Mit diesem Roman zeigt Lioba Werrelmann, dass Siebenbürgen noch viel mehr zu bieten hat, als nur den berühmten Graf Dracula. Sie beschreibt in einer lebendigen Weise die Landschaft, die Städte und Orte, in der Paul „ermittelt“, wie Sibiu (Hermannstadt) oder Schloss Bran und die Traditionen der Region. Bei den zahlreichen beschriebenen kulinarischen Spezialitäten läuft einem sogar das Wasser im Munde zusammen.

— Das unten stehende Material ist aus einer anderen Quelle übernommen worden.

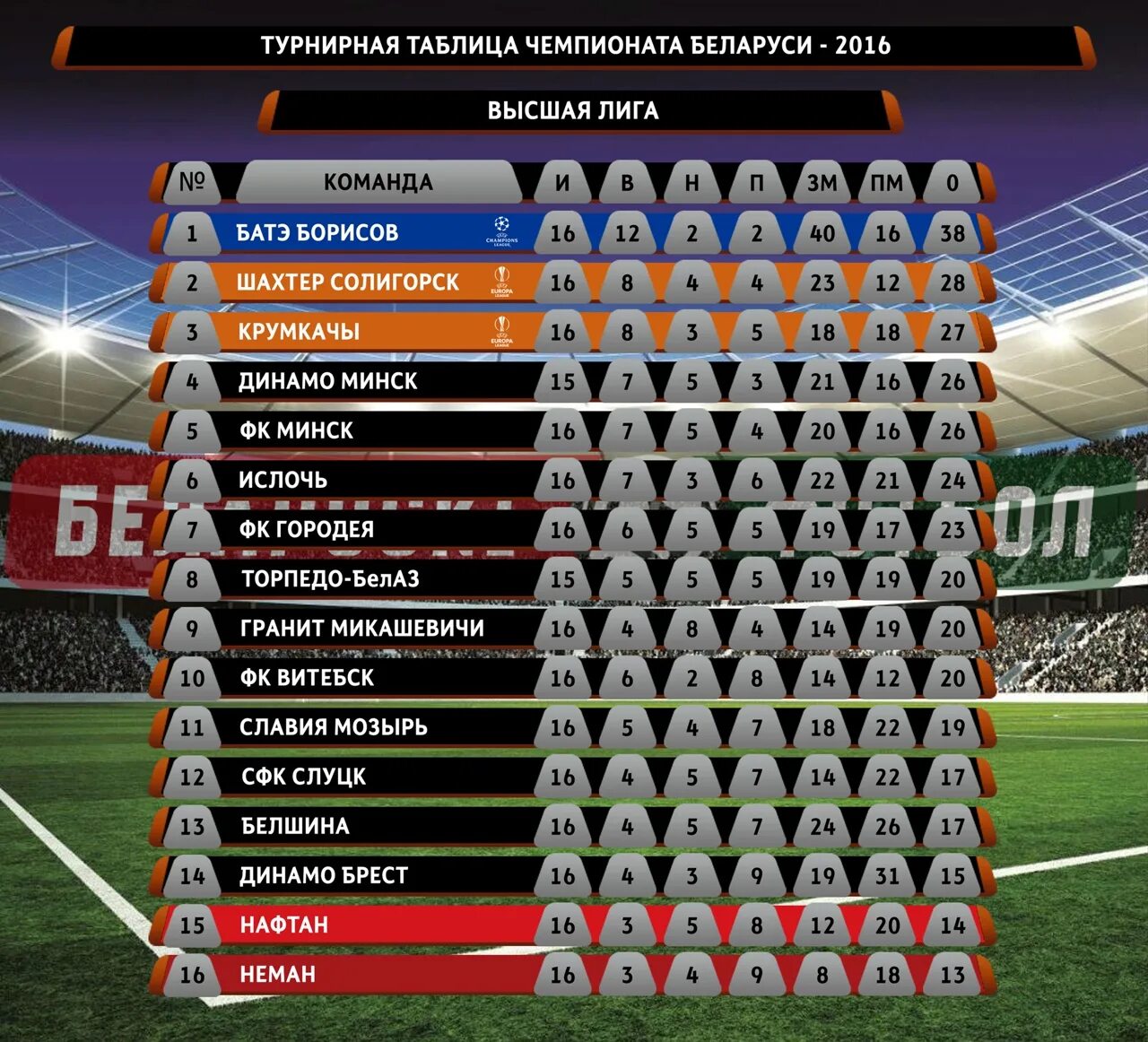 Турнирная чемпионат беларуси высшая лига. Турнирная таблица. Таблица турнира. Футбольная таблица. Таблица высшей Лиги по футболу.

Dagegen wirkt der Plot, mit dem der Leser abgespeist wird, ziemlich schwach. Genauso wie Pauls Fähigkeiten. Trotz seines Berufs ist Paul Schwartzmüller in Siebenbürgen ein armseliger Ermittler. Und er verzettelt sich auch noch mit seiner eigenen Vergangenheit.

Leser, die sich auf einen spannenden Krimi freuen, droht die Enttäuschung. Wer sich aber auf die Reise nach Siebenbürgen einlässt, der wird eine erstaunliche und traditionsreiche Gegend erkunden können.